DATA SHOWN:
= = = = =

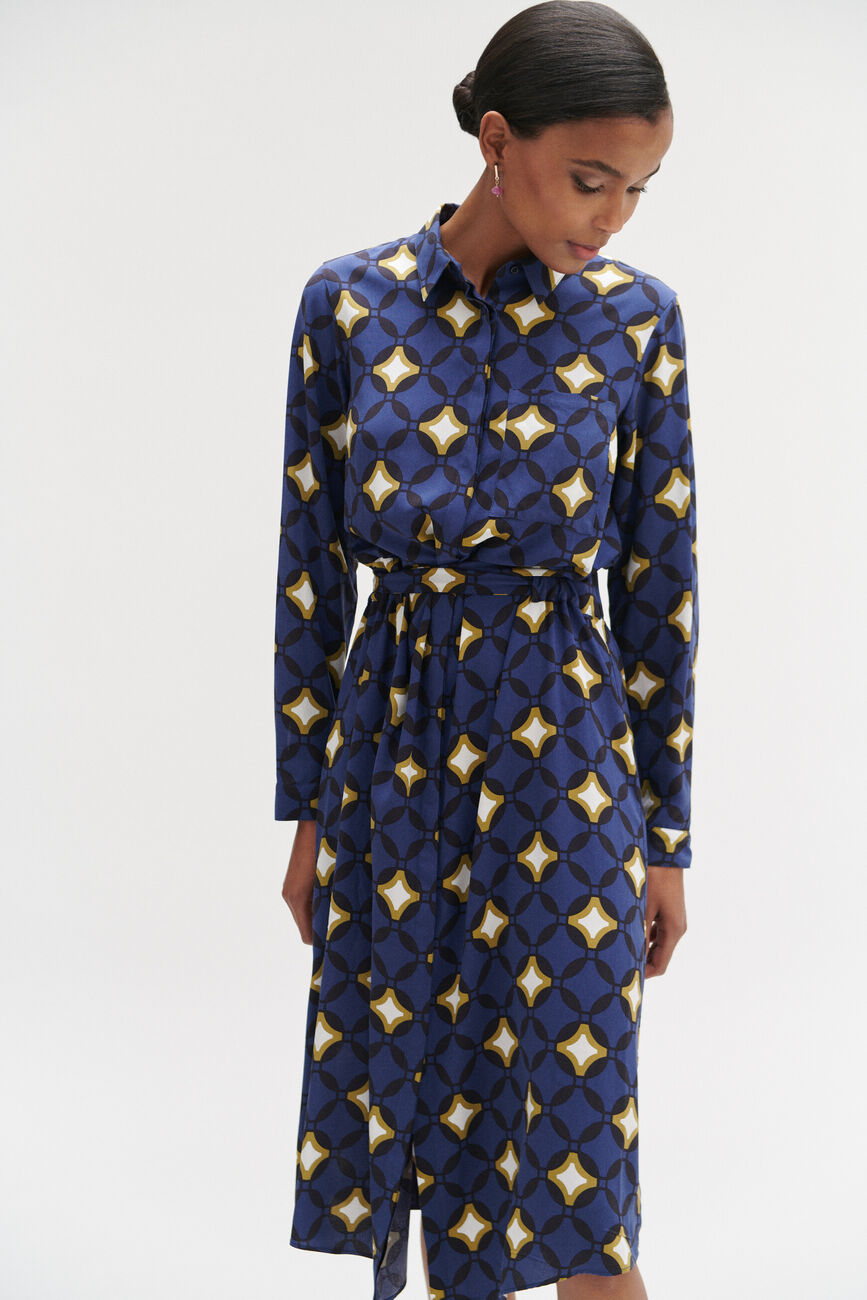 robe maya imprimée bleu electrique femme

= = = = =

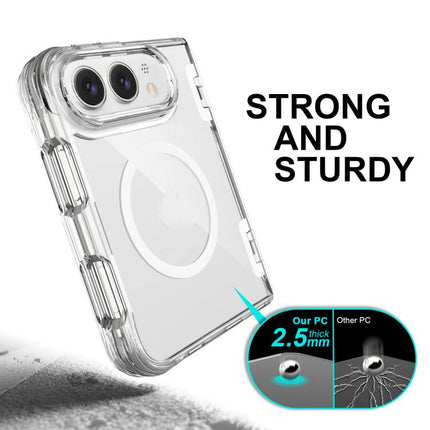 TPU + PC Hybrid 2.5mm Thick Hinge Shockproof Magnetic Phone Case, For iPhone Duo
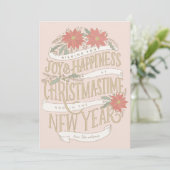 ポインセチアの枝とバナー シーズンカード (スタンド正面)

= = = = =

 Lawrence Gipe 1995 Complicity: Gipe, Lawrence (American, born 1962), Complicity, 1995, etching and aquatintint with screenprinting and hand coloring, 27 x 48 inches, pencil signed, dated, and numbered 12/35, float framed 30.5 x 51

= = = = =

PROBLEM DESCRIPTION: Start with the line above containing "TPU + PC Hybrid" and end with the line containing "ポインセチアの枝とバナー シーズンカード (スタンド正面)". Set down that stretch exactly, without any pictures.

SOLUTION TO THIS EXERCISE:
 TPU + PC Hybrid 2.5mm Thick Hinge Shockproof Magnetic Phone Case, For iPhone Duo
 ポインセチアの枝とバナー シーズンカード (スタンド正面)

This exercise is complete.